Wednesday, December 25, 2013

[Film] Telling stories for Lao American audiences

Over at Io9.Com they had an interesting question: "Why does every story have to be an Earth-shattering epic? They were responding namely a certain sense of sameness in most of the major films coming out now. It goes well with their other discussion The Reason Why So Many Movies Seem So Similar. I'd also point out their article, 10 Lessons That We Hope 2013 Has Taught the Entertainment Industry.

It's important to me as we start seeing an increase in the number of films coming out of Laos, particularly from the work of the Lao New Wave Directors such as Anysay Keola and Mattie Do, and the infrastructure the Luang Prabang Film Festival and the Vientianeale International Film Festival are building. I think it's vitally important that Lao cinema first be by our community for community, and not merely pandering, trying to cash in on the curiosity of foreigners.


To build an international audience is laudable and should be kept in mind, but not at the expense of telling ourselves the stories we want to hear. To narrate our perspective in our own words, on our own terms. This last matter is a particularly egregious failing of one movie currently making the rounds this year, where we would be hard pressed to call it an authentic Lao movie despite being supposedly set in "Laos." One can argue there are several such films already in the pipeline trying to Lao stories without actually embracing the Lao who must still be Lao long after the filmmakers have gone back home to wherever they hail from.

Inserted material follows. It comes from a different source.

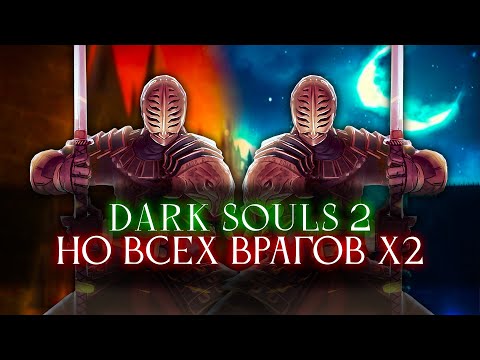 Видео: Dark Souls 2, но всех врагов Х2! Начинаем.. [стрим1]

With well over 400,000 Laotians in the US, Canada, France, Australia, Japan, England, Germany, and elsewhere, we are presented with a very interesting market and opportunity for the aspiring Lao film-maker in Laos. There are spoken and unspoken constraints regarding what will fly both within Laos and abroad. There are some conversations we can't have. But there are many others we should not neglect if Lao culture is to realize its full potential.

How can Lao cinema embrace the best principles of democracy while being artistically innovative, not only for world recognition, but to create a wondrous legacy for the generations of Lao yet to come?


The folks over at Io9 are making some great points I want to highlight because I think they can apply not only to movies of the fantastic or the futuristic, but to all genres.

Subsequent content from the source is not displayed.